Lastly, this article looks at the anti-gun argument from the social psychological perspective. It is very controversial, and will likely offend some of you. Obviously this is a social assessment and won&#8217;t apply to every individual who is in favor of some gun control; though I am sure in people&#8217;s defensiveness they will get wrapped up in this anyway. But I think it is a good read, and an accurate general assessment: http://www.vcdl.org/new/raging.htm

Regardless of your opinions, I hope you enjoy the articles as much as I did.


----------



## Steve (Jan 24, 2011)

I'll just say one quick thing before letting you have your fun.  It's clearly an emotionally charged issue for you, and that this bothered you a lot.  For my part, I apologize.  You've obviously spent some time putting this post together, so I hope you get whatever it is you're looking for from it.


----------



## Cruentus (Jan 24, 2011)

Steve,

Thanks for the reply. It is emotionally charged for me in that I strongly believe in individual rights, and particularly the 2nd amendment, and from my perspective I see more of our rights in general eroding. This is emotional and frustrating. I admit this, and by doing so I try my best to not let these emotions cloud my reasoning.

It is also emotionally charged (for me and for others) when we see the issue as so important and worth doing research on, but others who will freely and strongly put forth their convictions don't give the issue the time or attention. This can also be very annoying.

It also sucks that such an important issue often degrades into unproductiveness more often then not.

Anyway, my interest is only in providing something of value to the discussion, and to get people to think about their biases and convictions and to not be afraid to challange them.
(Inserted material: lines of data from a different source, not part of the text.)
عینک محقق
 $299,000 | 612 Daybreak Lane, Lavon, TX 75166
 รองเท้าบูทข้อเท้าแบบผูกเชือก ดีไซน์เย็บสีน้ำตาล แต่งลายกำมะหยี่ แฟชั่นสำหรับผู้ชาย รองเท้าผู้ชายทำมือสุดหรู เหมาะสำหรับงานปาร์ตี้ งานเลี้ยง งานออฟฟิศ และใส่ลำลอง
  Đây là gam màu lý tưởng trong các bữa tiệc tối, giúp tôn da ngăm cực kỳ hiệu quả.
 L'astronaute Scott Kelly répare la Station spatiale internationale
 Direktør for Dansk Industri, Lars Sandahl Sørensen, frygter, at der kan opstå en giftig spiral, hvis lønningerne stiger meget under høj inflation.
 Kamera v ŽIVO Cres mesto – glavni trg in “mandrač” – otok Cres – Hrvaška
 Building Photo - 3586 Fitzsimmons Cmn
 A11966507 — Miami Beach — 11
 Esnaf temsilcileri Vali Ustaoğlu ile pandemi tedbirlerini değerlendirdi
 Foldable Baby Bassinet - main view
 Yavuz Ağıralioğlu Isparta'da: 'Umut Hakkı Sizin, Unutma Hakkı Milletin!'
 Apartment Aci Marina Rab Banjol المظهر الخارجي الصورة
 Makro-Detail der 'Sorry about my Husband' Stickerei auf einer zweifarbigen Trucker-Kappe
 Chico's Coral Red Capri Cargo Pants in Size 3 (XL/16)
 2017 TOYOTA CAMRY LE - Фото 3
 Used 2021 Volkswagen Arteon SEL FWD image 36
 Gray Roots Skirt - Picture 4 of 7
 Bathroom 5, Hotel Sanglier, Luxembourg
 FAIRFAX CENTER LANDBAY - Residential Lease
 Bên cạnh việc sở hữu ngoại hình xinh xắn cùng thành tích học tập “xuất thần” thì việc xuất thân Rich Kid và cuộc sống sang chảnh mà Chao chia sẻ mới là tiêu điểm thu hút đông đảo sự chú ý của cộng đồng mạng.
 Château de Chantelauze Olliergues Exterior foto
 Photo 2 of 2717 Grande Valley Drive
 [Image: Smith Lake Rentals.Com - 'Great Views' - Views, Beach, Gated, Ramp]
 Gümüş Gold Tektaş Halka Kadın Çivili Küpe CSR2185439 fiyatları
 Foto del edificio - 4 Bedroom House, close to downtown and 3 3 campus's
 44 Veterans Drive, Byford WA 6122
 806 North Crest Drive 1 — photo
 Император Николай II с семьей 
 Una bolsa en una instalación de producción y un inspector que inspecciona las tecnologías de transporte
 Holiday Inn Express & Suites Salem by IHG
We all have biases and convictions; I just think it is important to be willing to recognize this, challenge them, and look at all evidence with an open mind in favor of seeking truth.

And thanks for your apology; I also apologize if I came off the wrong way in the last thread. I think we probably agree more then we disagree, and that on forums its really easy to get off on the wrong foot with someone. Furthermore, please don't take this thread as a personal attack on you (if I was really mad at you personally, you'd get a PM). I used the last thread as an example because that is what stemmed this tangent, and though we butted heads there the above isn't all in reference to you or me pointing the finger at you personally. I am really just speaking to a general problem and opening it up for discussion.

Take Care...


----------